INSTRUCTIONS FOR THE TASK
Write out, word for word and with no pictures, each line below from the one containing "Certified 2024 Honda Civic Touring image 18" through the one containing "1re photo de l'annonce", both included, and no other line.

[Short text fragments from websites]
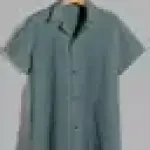 Stylish Shirts For Mens combo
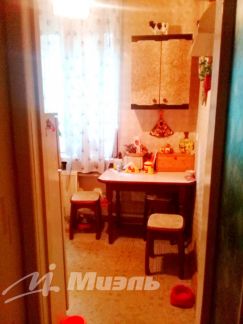 ������ �������� ������� �-� 30�2 (���� �2)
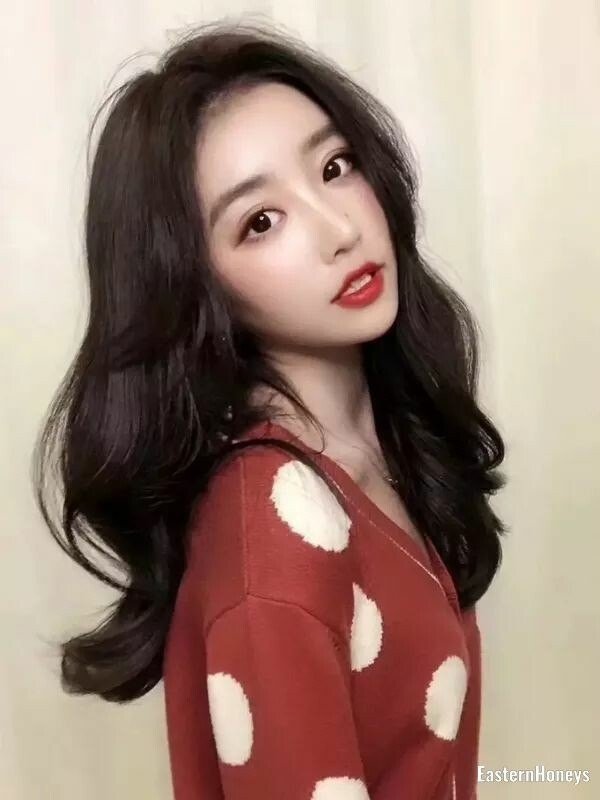 Ying, 44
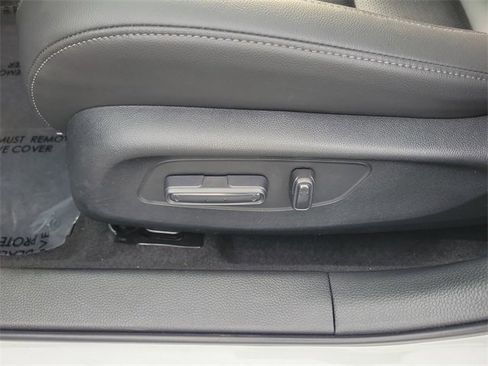 Certified 2024 Honda Civic Touring image 18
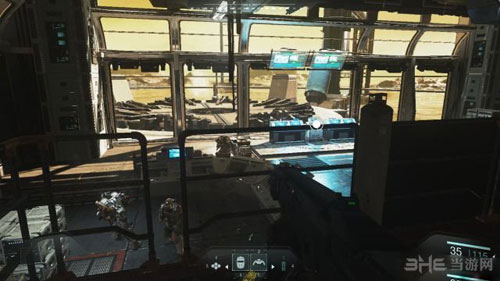 ʹ���ٻ�13ȼ��֮ˮս������ô��_ʹ���ٻ�13��������ս���ӹؿ�ͼ�����̹���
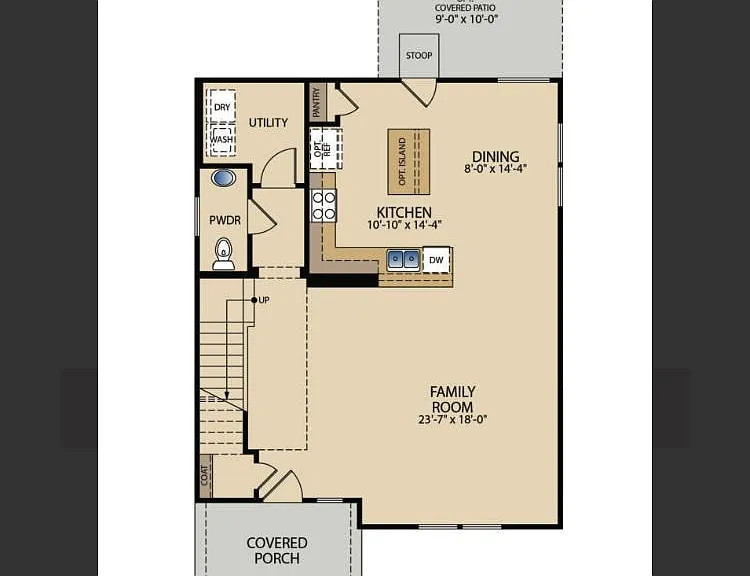 217 Bent Creek Dr — Photo 13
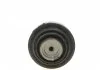 Подушка двигателя с обеих сторон Mercedes-Benz S (220) 1998 - 2006 (пр-во FEBI) FEBI BILSTEIN 17940 (фото 4)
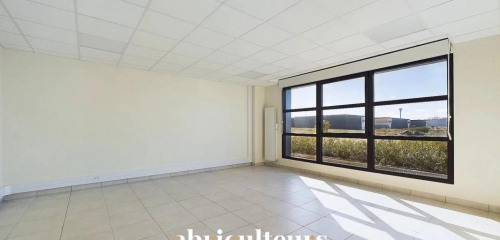 1re photo de l'annonce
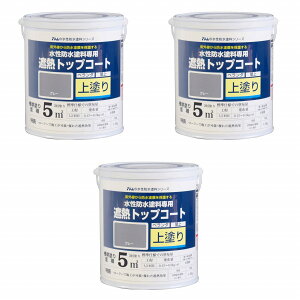 AgnEXyCg hhpՔMgbvR[g 1.5kg ՔMO[ 3ʃZbg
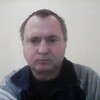 bbbbb, 50, г.Анжеро-Судженск bbbbb, 50, г.Анжеро-Судженск
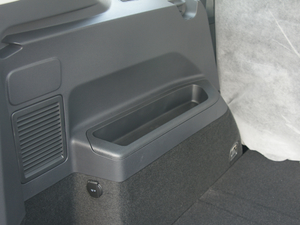 2018280TSI քL(fng)а g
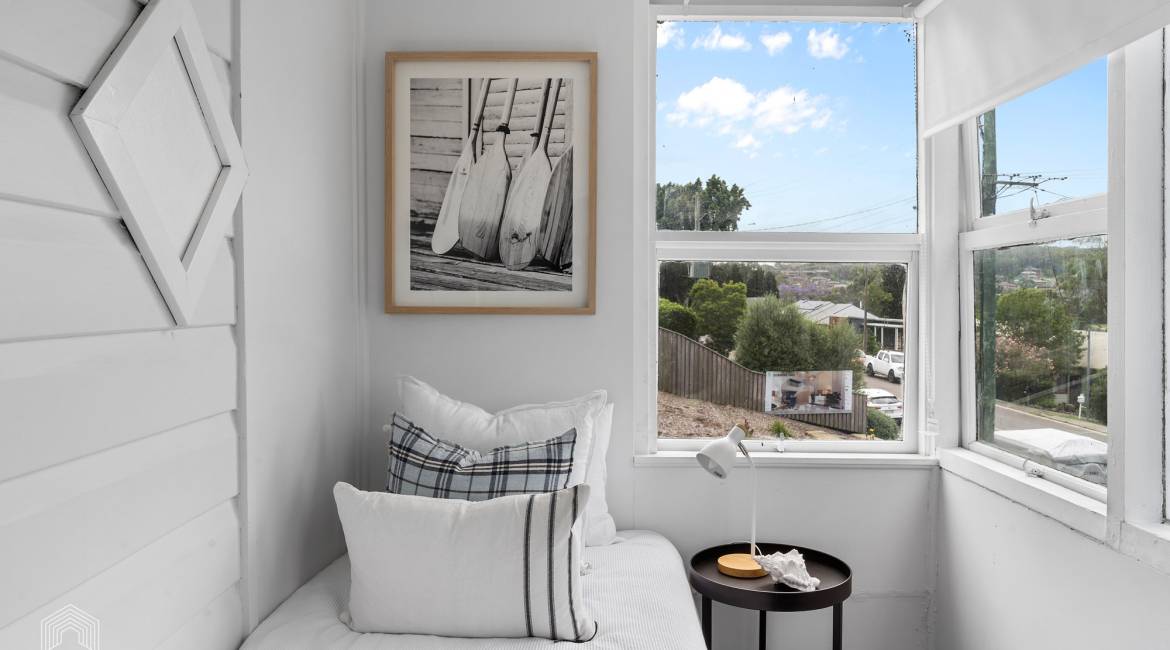 158 Cardiff Road, Elermore Vale, NSW 2287 AUSTRALIA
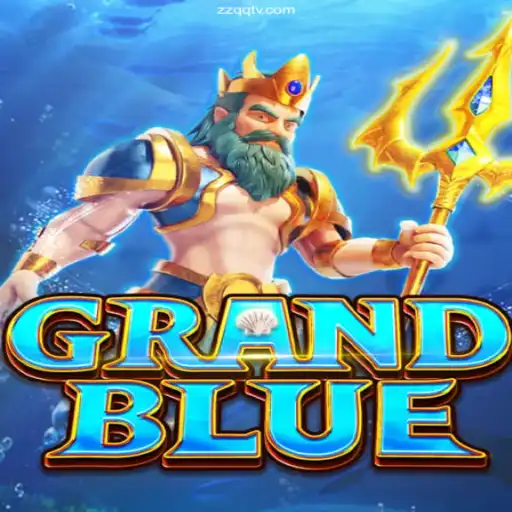 Exploring GRANDBLUE: A Dive into the Engaging World of Online Gaming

TASK RESPONSE
 Certified 2024 Honda Civic Touring image 18
 ʹ���ٻ�13ȼ��֮ˮս������ô��_ʹ���ٻ�13��������ս���ӹؿ�ͼ�����̹���
 217 Bent Creek Dr — Photo 13
 Подушка двигателя с обеих сторон Mercedes-Benz S (220) 1998 - 2006 (пр-во FEBI) FEBI BILSTEIN 17940 (фото 4)
 1re photo de l'annonce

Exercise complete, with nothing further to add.